Supporters of a modern well-funded court system for Pennsylvania suffered a setback last week when the PA Supreme Court rejected Allegheny County’s attempt to force the state legislature to pay for all PA’s court services and employees.
People may not realize this but the state legislature has already lost this fight – they’re just not funding the courts anyway, as Len Barcousky explains:
The dispute dates to 1985. Allegheny County commissioners, citing the state constitution, had sought a judicial order directing the state, and not individual counties, to provide operating funds for all levels of the courts.
A divided state Supreme Court upheld the county’s position in 1987, but the justices delayed enforcement “to afford the General Assembly an opportunity to enact appropriate funding legislation,” according to the latest opinion. Several other court cases followed, and in 1996, a majority of the high court ordered that “the General Assembly enact a funding scheme for the court system on or before January 1, 1998.”
Running parallel with the litigation, however, was improving governmental cooperation, the court said. Integration of computer operations and salaries for court administrators into the state budget represented progress in creating a unified system, according to the justices.
Also, timing was not good for shifting all court costs to the state, the justices found, because all branches of government were facing financial problems” as a result of a continuing economic crisis and concomitantly diminished revenues.”
The argument in that last paragraph is just really weak. It’s true that all branches of government face financial problems, but then the question you need to ask is which tax base is better able to take on the burden – county tax bases or the state tax base?

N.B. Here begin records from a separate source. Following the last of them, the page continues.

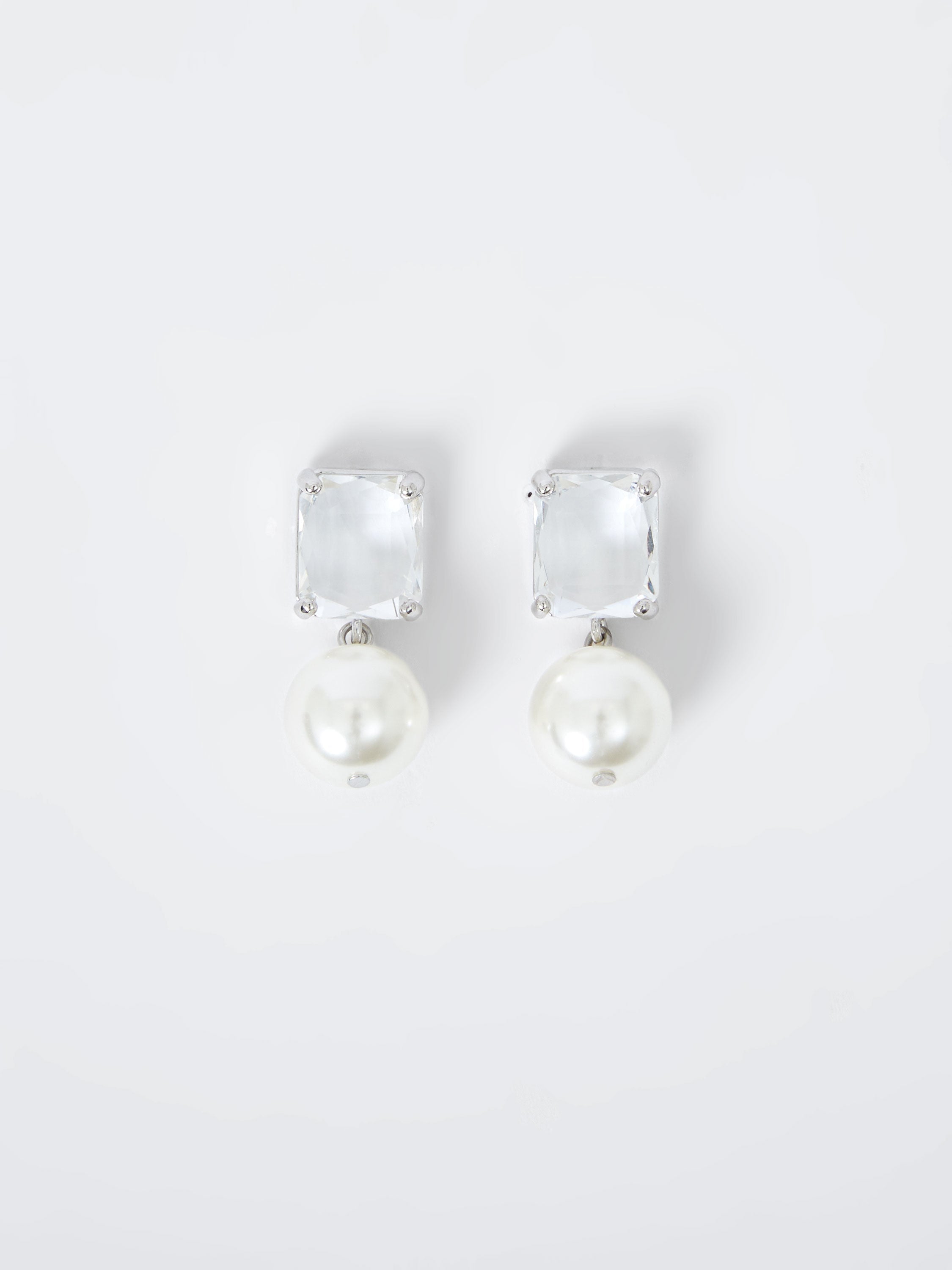 Crystal Faux Pearl Drop Earrings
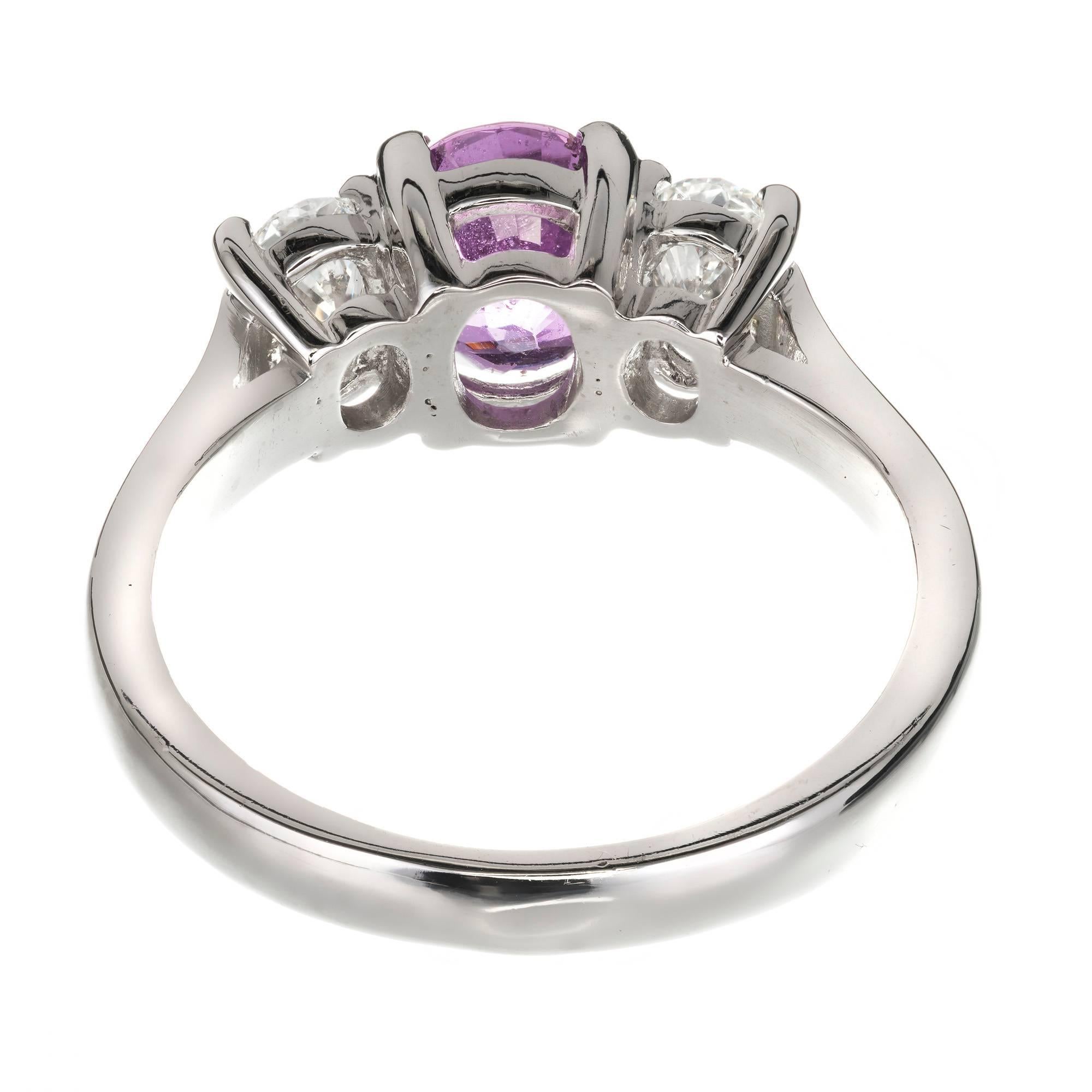 Peter Suchy GIA Purple Sapphire Diamond Platinum Three-Stone Engagement Ring For Sale 1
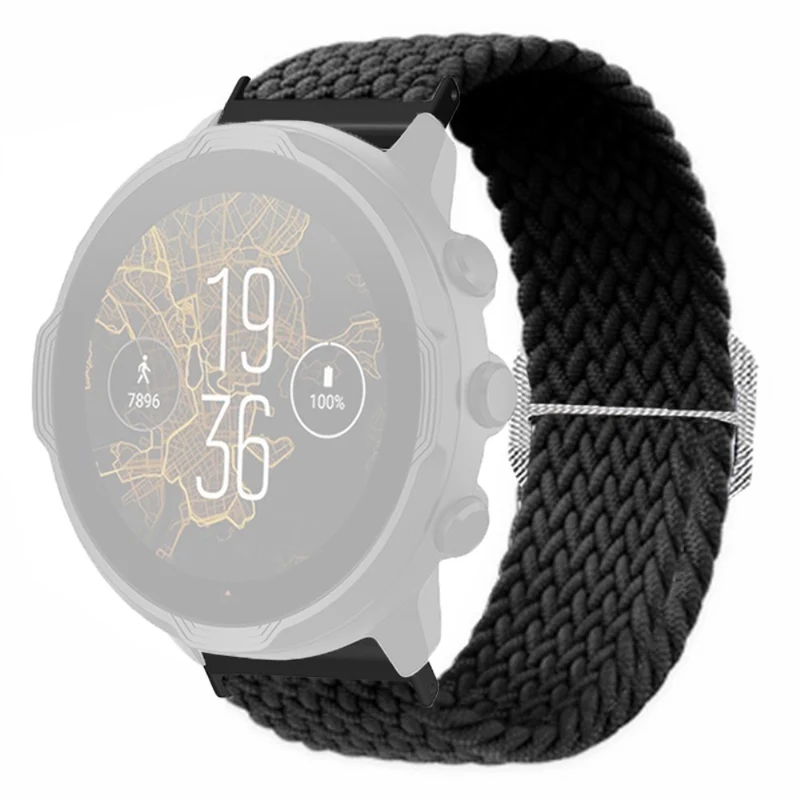 Suunto Spartan Sport Wrist HR Baro / Suunto 7 Watch Strap 24mm Braided Nylon Band - Pink+White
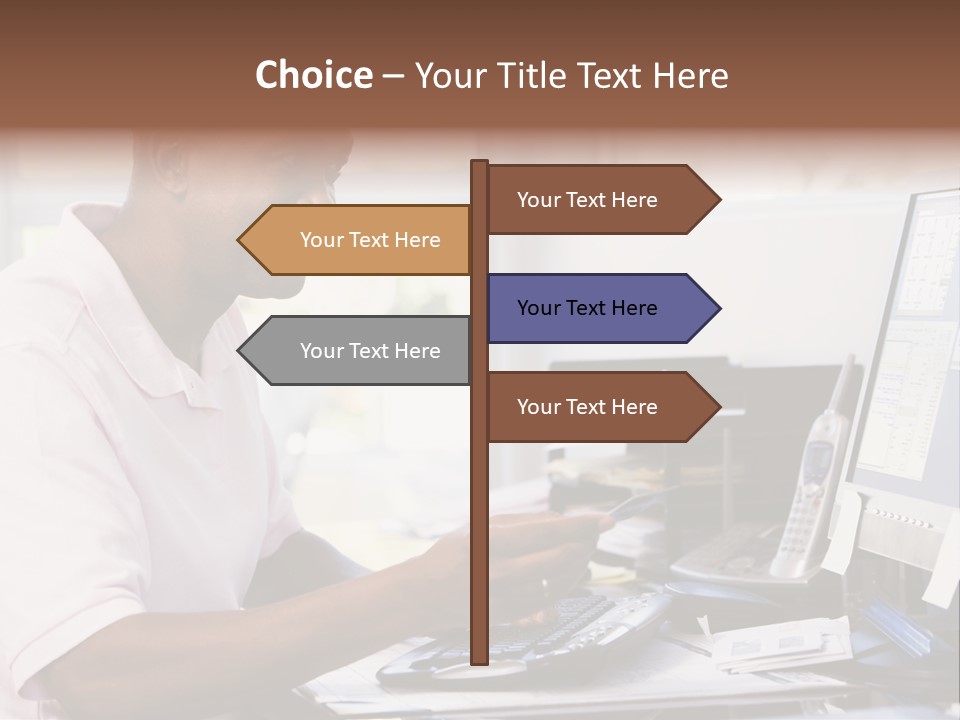 Man In Home Office Using Computer Holding Credit Card And Smiling PowerPoint Template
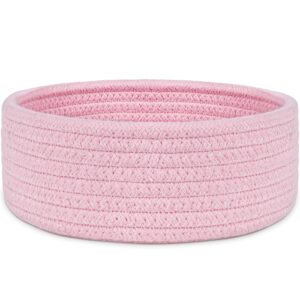 سلة منسوجة صغيرة فارغة من الحبال القطنية من ابينكل، سلة تخزين ديكور دائرية للألعاب والمنتجعات الصحية والجوارب والحضانة وغرفة المعيشة، بينك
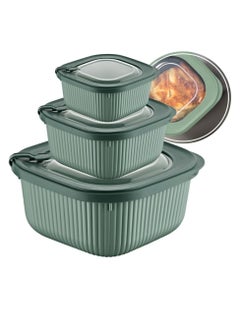 Plastic Square Food Container Set Airtight Storage Boxes Safe Use For Microwave & Fridge Vacuum Lid 600-1100-1800 Ml -Green - pzsku/ZF9E879DD421357BCDFCCZ/45/_/1735388593/433a6629-e941-4333-9af8-f2d0bbb120b5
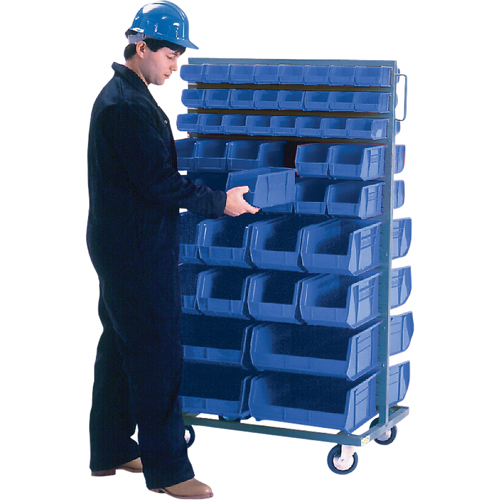 KLETON CB089 Double-Sided Mobile Bin Rack, Double-sided, 96 bins, 36" W x 24" D x 63" H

Clearly it’s the state. The state has greater taxing powers, a more diverse array of revenue sources, and a broader base of payers.
Counties’ ability to afford funding for court services and employees is tied to the value of a given area’s ratables, and obviously there’s a ton of variation there. People should be able to count on a well-funded, well-staffed court system regardless of where they live, and how much property wealth their region has.